Hint: We are asked to find the solution of 35 = – 5 + 2x – 7x. Firstly, we learn what a linear equation is in 1 variable term. We will use a hit and trial method to find the value of ‘x’. In this method, we put the value of ‘x’ one by one by hitting arbitrary values and looking for the needed values. Once we work with the hit and trial method we will try another method where we apply algebra. We subtract, add, or multiply the terms to get to our final term and get our required solution.

Complete step by step answer:
We are given that we have 35 = – 5 + 2x – 7x. We are asked to find the value of ‘x’, or we are asked how we will be able to solve this expression. We will learn about the equation on one variable. One variable simply represents the equation that has one variable (say x, y, or z) and another one constant. For example, x + 2 = 4, 2 – x = 2, 2x, 2y, etc. Our equation 35 = – 5 + 2x – 7x also has just one variable ‘x’. We have to find the value of ‘x’ which will satisfy our given equation. Firstly, we will try the method of hit and trial. In which we will put a different value of ‘x’ and take which one fits the solution correctly.

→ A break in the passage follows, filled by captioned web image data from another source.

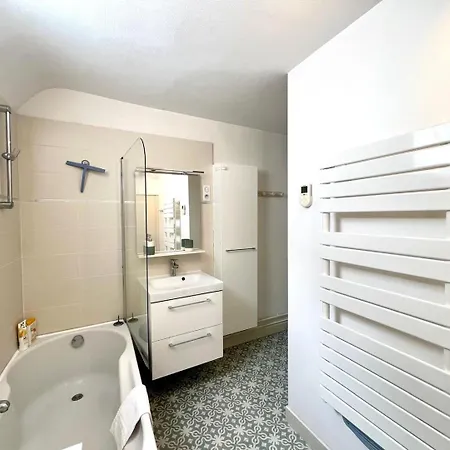 Le Saint-gregoire : Lumineux Centre-ville Appartement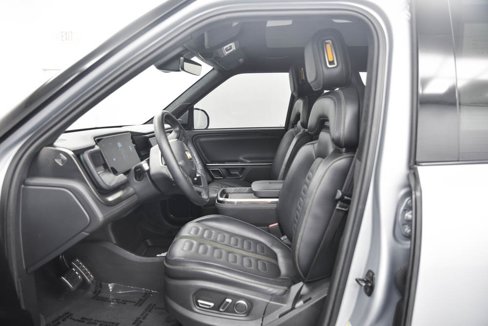 Used 2024 Rivian R1S Adventure image 11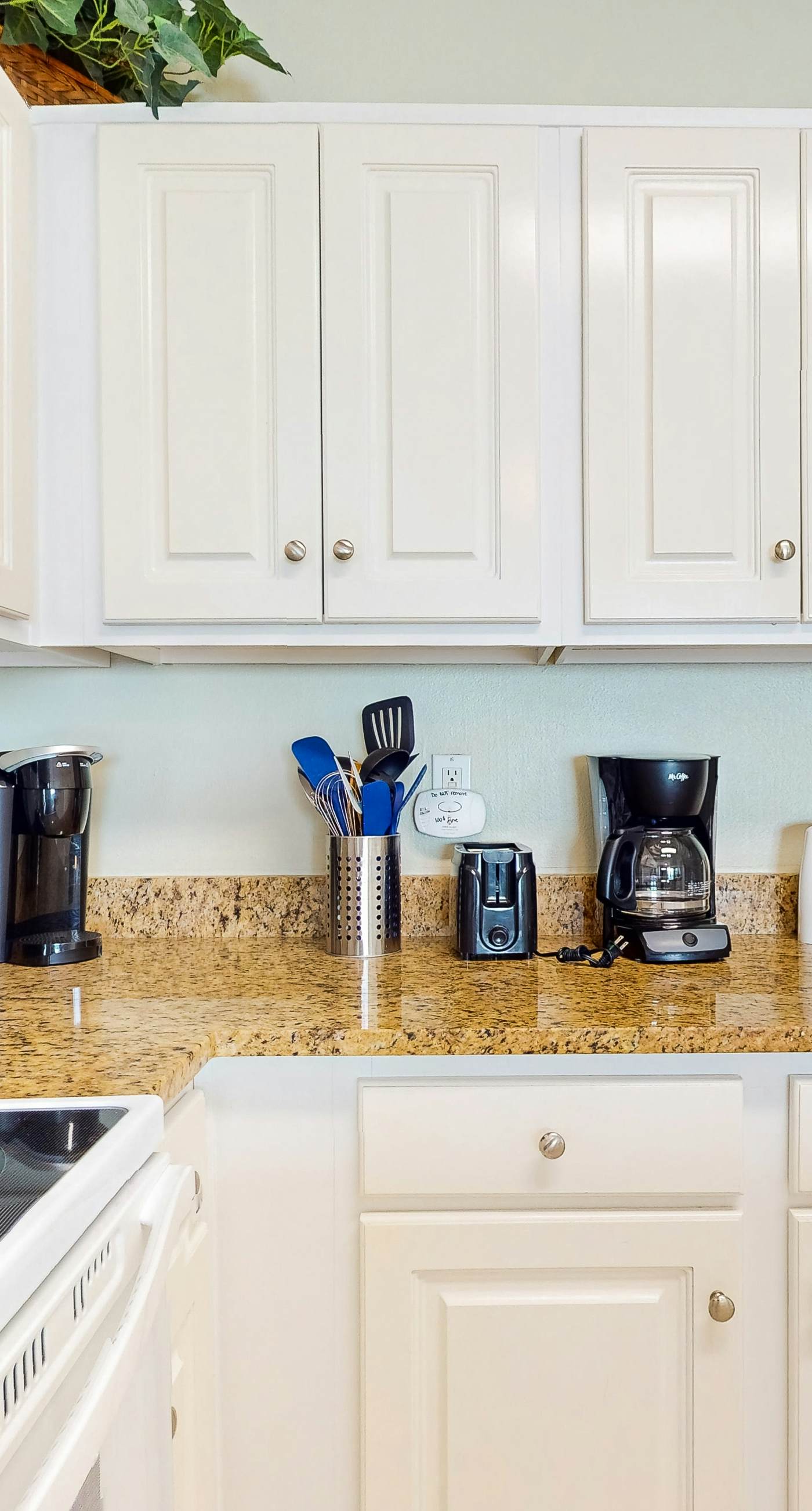 Cozy Condo in Gulf-Front Complex w/Free WiFi, Shared Pool, Central AC, Elevator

Let x = 0, so putting x = 0 in 35 = – 5 + 2x – 7x, we get,
\[\Rightarrow 35=-5+2\times 0-7\times 0\]
\[\Rightarrow 35=-5\]
which is not true. So, x = 0 is not the solution to our problem.
Let x = 1, so putting x = 1 in 35 = – 5 + 2x – 7x, we get,
\[\Rightarrow 35=-5+2\times 1-7\times 1\]
\[\Rightarrow 35=-5+2-7\]
On simplifying, we get,
\[\Rightarrow 35=-10\]
which is not true. So, x = 1 is not the solution to our problem.
Let x = – 5, so putting x = – 5 in 35 = – 5 + 2x – 7x, we get,
\[\Rightarrow 35=-5+2\times \left( -5 \right)-7\times \left( -5 \right)\]
We get,
\[\Rightarrow 35=20\]
which is not true. So, x = – 5 is not the solution to our problem.
Let x = – 8, so putting x = – 8 in 35 = – 5 + 2x – 7x, we get,
\[\Rightarrow 35=-5+2\times \left( -8 \right)-7\times \left( -8 \right)\]
We get,
\[\Rightarrow 35=-5+40\]
\[\Rightarrow 35=35\]
which is true. So, x = – 8 is the solution to our problem.
Now, we will find the solution by another method in which we will use algebraic operation. Now we have,
\[35=-5+2x-7x\]
Add 5 on both the sides, we get,
\[\Rightarrow 35+5=-5+5+2x-7x\]
On simplifying, we get,
\[\Rightarrow 40=-5x\]
Dividing both the sides by – 5, we get,
\[\Rightarrow \dfrac{40}{-5}=\dfrac{-5x}{-5}\]
So, we get,
\[\Rightarrow x=-8\]
So, x = – 8 is our required solution.

Note:
 Remember that, we cannot add the variable to the constant. Usual mistakes like this where one adds constants with variables usually happen. For example, 3x + 6 = 9x, here one added ‘6’ with 3 of x made it 9x, this is wrong, we cannot add constant and variable at once. Only the same variables are added to each other. Remember when we divide a positive term by a negative value the solution we get is a negative term this may happen that we skip – sign.